Could you repeat the entries below exactly, but only from the line with "Detailed realistic Korean" through the line with "Orthodox Icon of", and without any picture?

[Data excerpts]
[Start of section]
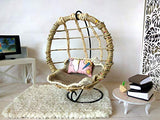 Miniature Hanging Chair. Dollhouse Swinging Seat for 12-inch BJD Dolls. 1:6 Scale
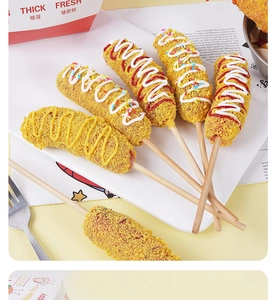 Detailed realistic Korean corn dog models with ketchup and mustard sauce toppings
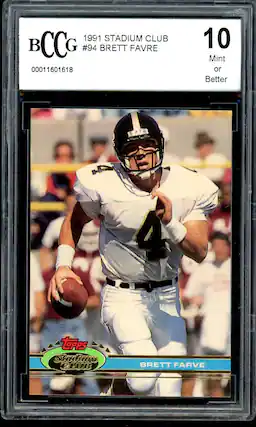 1991 STADIUM CLUB BCCG B #94 BRETT FAVRE 00011601618 10 Mint or Better
Topps Stadium Club
BRETT FARVE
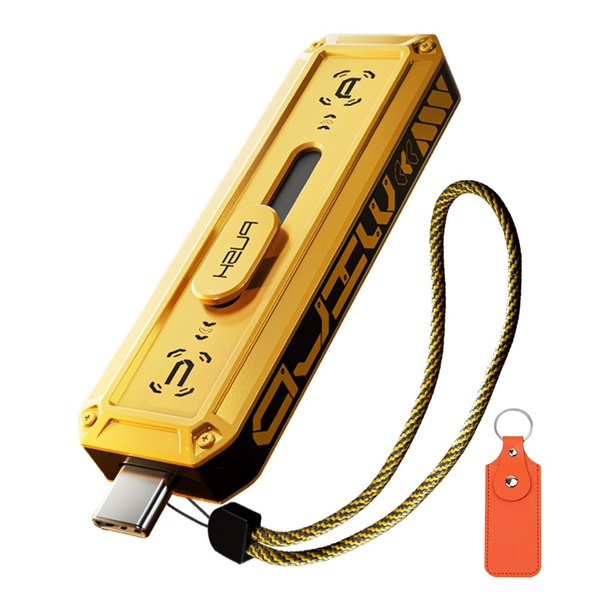 MOVESPEED WD10 1090MB/s USB 3.2 Gen2 C타입 플래시 드라이브 듀얼 인터페이스 외장SSD, 금속 재질, 노란색, 2TB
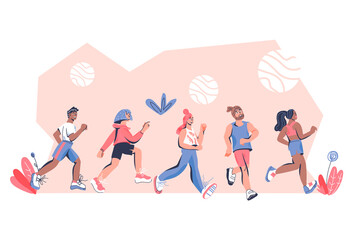 Banner with marathon runners. Sports athletics people are running. Men and women training or racing in run competition, flat vector illustration isolated on white background.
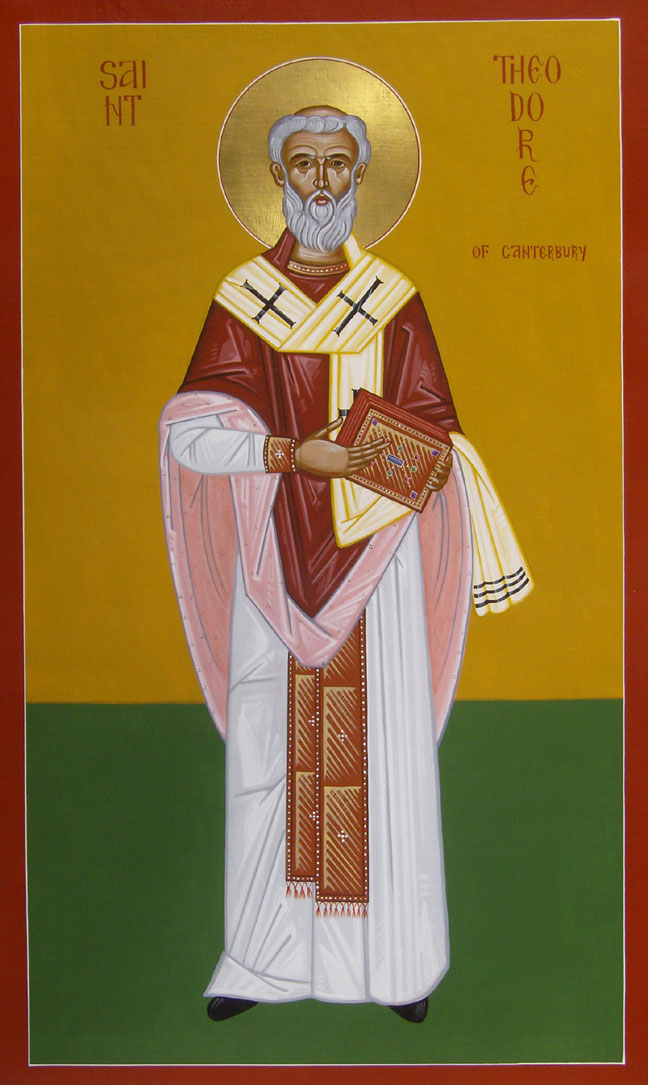 Orthodox Icon of English Saint, St. Theodore of Canterbury 224x375px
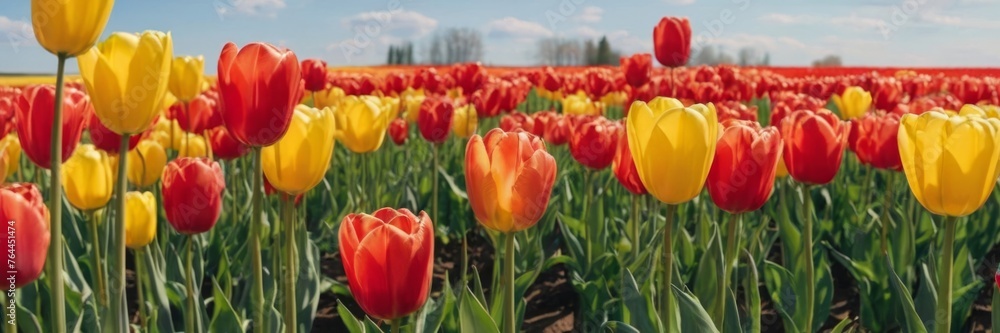 Obraz premium Flowers landscape of blooming colorful tulips field in spring, - Flower background banner panorama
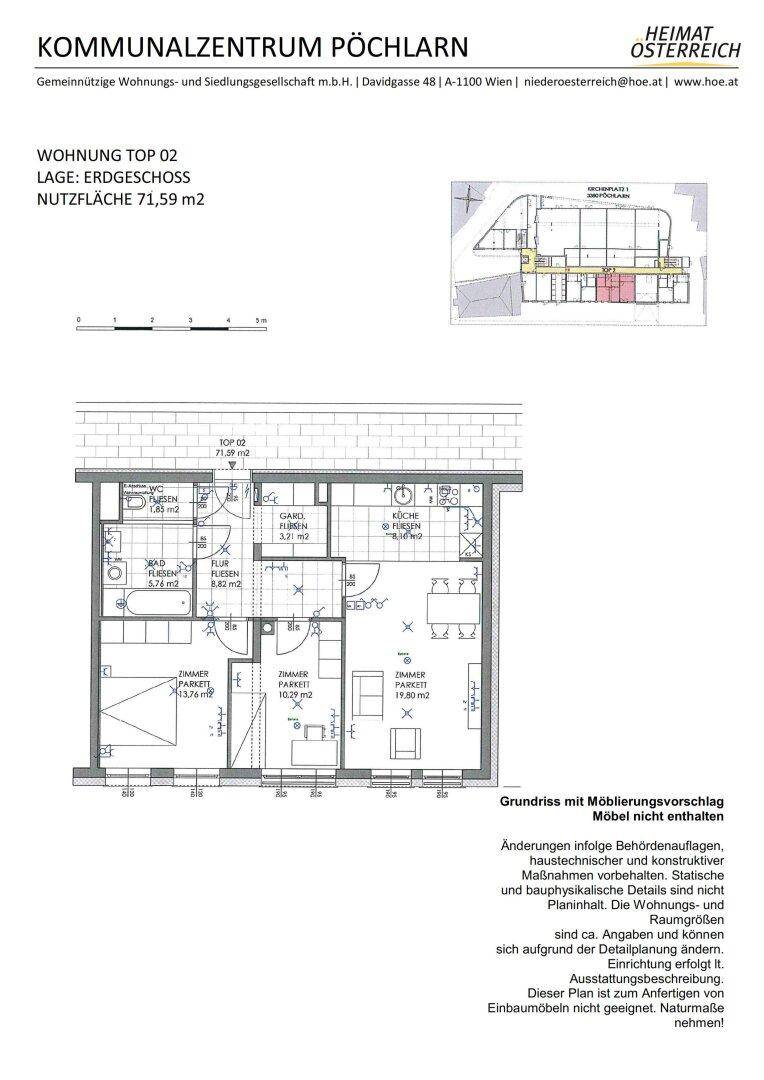 Grundriss einer Erdgeschosswohnung mit 71,59 m² Nutzfläche, inklusive Bad, separatem WC und Küche.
[End of section]
Result below:
 Detailed realistic Korean corn dog models with ketchup and mustard sauce toppings
 1991 STADIUM CLUB BCCG B #94 BRETT FAVRE 00011601618 10 Mint or Better
Topps Stadium Club
BRETT FARVE
 MOVESPEED WD10 1090MB/s USB 3.2 Gen2 C타입 플래시 드라이브 듀얼 인터페이스 외장SSD, 금속 재질, 노란색, 2TB
 Banner with marathon runners. Sports athletics people are running. Men and women training or racing in run competition, flat vector illustration isolated on white background.
 Orthodox Icon of English Saint, St. Theodore of Canterbury 224x375px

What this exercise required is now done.